FP427 : Polymerase Chain Reaction and Correlation with Treatment Response in Tuberculous Uveitis

AIOS – Narsing A. Rao Award

Dr. Bhagya Sudheer, B16378, Dr.Rathinam Sivakumar R, Dr. Prajna Lalitha

Sudheer Bhagya, Sivakumar Rathinam, Prajna Lalitha, Arya Lalan Kumar,

Introduction:

Ocular tuberculosis is an extra pulmonary dissemination of Mycobacterium tuberculosis primarily from the lungs. Although ocular presentation is relatively less common than the pulmonary disease, the ocular manifestations present clinically with or without pulmonary involvement. The diagnosis and treatment of ocular tuberculosis is challenging. This is mainly due to the overlapping clinical presentations, lack of systemic evidence of disease, and difficulty in obtaining ocular tissues samples.

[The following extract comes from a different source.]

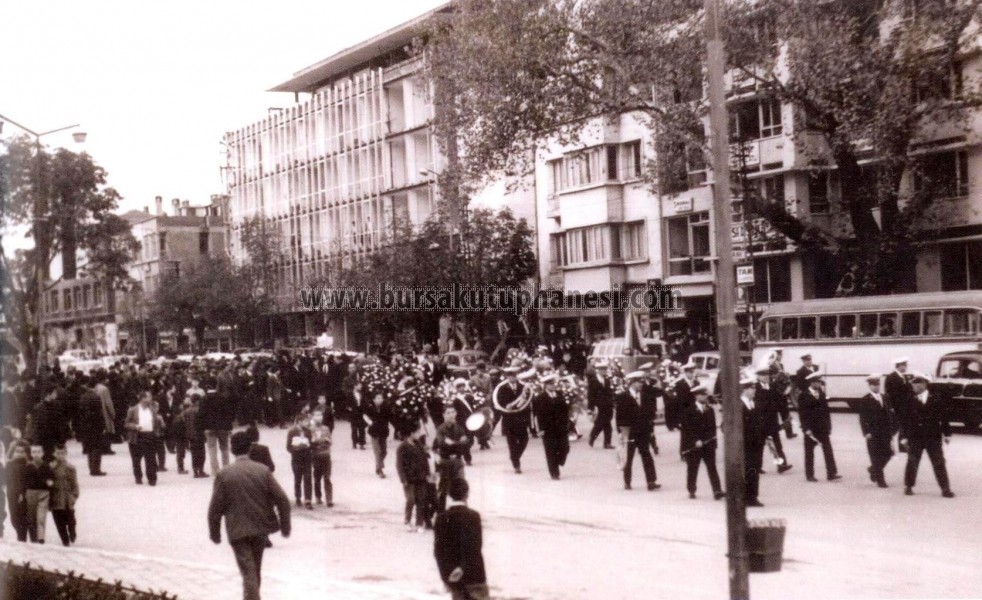 Dr.Tahir alyanak cenaze töreni 1967 (İbtihal Alyanak Orhan)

Examination of enucleated eyes with confirmed histopathological diagnosis of Intraocular tuberculosis ( IOTB) have revealed the paucibacillary nature of the disease, thus explaining the lack of mycobacterial culture positivity from the ocular fluid. Even the clinical signs of IOTB have wide variation in anatomic location, morphological appearance, and ancillary investigations. The lack of diagnostic criteria and gold standard tests carries a potential risk of either under or over diagnosis. Undiagnosed, TB uveitis carries high visual morbidity, whereas overzealous treatment with anti- TB drugs, in the absence of infection, carries a significant risk of systemic side effects.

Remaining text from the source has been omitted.